3. PORTION OF SCRIPTURE. EXODUS xxxii. 20-35.

4. PRAYER. That we never blend the wilful indulgence of the sins of the heart and life with the faith we profess, the worship we offer, or the hopes we form; that we be not blotted out of the book of life, but that we be daily more and more prepared, by the power of God's Holy Spirit, for the society of angels, and the presence of God.

5. NOTES. On Moses reducing the molten calf to powder. On the gate of the camp.-On the changing the malediction pronounced by the dying Jacob, on the tribe of Levi, into a blessing. On the prayer of Moses; blot me, I pray thee, out of thy book." -On the difference between the angel Jehovah and the created angel. On the people making the calf, which Aaron made.

SECTION 118.p. 295.

1. TITLE. As time is a measured portion of an unknown and immeasurable eternity, so is the visible world a measured portion of an unknown and immeasurable infinity. A created angel is promised to lead the people into Canaan, while the peculiar manifestation of the presence of the God of Israel shall be withdrawn. The grief of the people (ver. 1-3). The separation of the spiritual Church of Israel from the general mass. The conduct of Joshua. The prayer of Moses. Its acceptance. The promise is given to Moses that he shall see that glory of God, which should be more fully revealed in the latter days.

2. INTRODUCTION.

3. PORTION OF SCRIPTURE. EXODUS xxxiii. 4. PRAYER. That God be our Guide through the wilderness of this evil world; that we be the members of the spiritual Church as well as of the outward and visible Church of God; and that we never know the misery of believing God to be our Father, while we dare not and cannot worship Him as His beloved and loving children. That we study God's glory by our own actions, and in His revealed will; and that we abide in the Rock of the Church, protected by His providence, humbly there to contemplate the present and the future glory of the God who made and saves us.

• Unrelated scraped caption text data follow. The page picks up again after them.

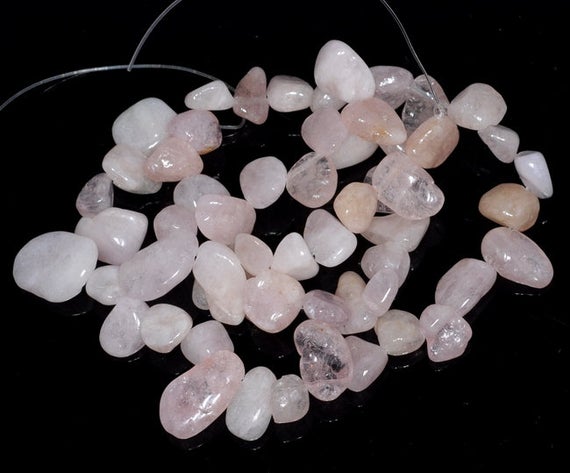 Sale !!! 9-11mm  Morganite Gemstone Pebble Nugget Chip Loose Beads 15.5 Inch  (80001841-a20)
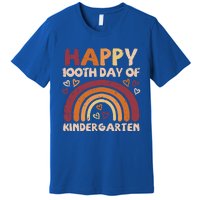 Happy 100th Day Of Kindergarten Rainbow 100 Days Teacher Cute Gift Premium T-Shirt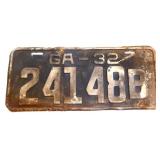 1932 Georgia license plate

5. NOTES. On the difference between the Jehovah angel and the created angel.-On the Israelitish and Egyptians' notions of tutelar Deities, and the grief of the people.-On the separation of the spiritual Israel from the general and visible Church. On the translation of Exod. xxxiii. 23," Thou shalt see my back parts." The value of the interpretations of Scripture by the fathers. SECTION 119.p. 306.

1. TITLE. The tables of the Law are renewed. God's attributes are proclaimed. The Sabbath

and the three great festivals of the Jews are appointed, and idolatry is forbidden, both in its corrupting sacrifices, in its corrupting tastes, and in its corrupting, though picturesque and romantic devotions. The appearance of Moses on his descent from the mountain, after communing there with God.

2. INTRODUCTION.

3. PORTION OF SCRIPTURE. EXODUS xxxiv. 4. PRAYER. That we never mistake metaphysical curiosity respecting the nature of God, for the devotional humility which lays the foundation of religious inquiry upon the desire to obey His commandments, as the Triune God of Revelation; that we rejoice in the Lord's Days, in the festivals of the Church, and in the Holy Sacraments; that we give to God the homage which God has commanded, and not the homage which man has invented; that our light may so shine before men, that they may see our good works, and glorify our Father which is in heaven; and that after the death of the body, we may go on, for ever and for ever, advancing in knowledge, happiness, and holiness, under the continued influence of the eternal Spirit of God.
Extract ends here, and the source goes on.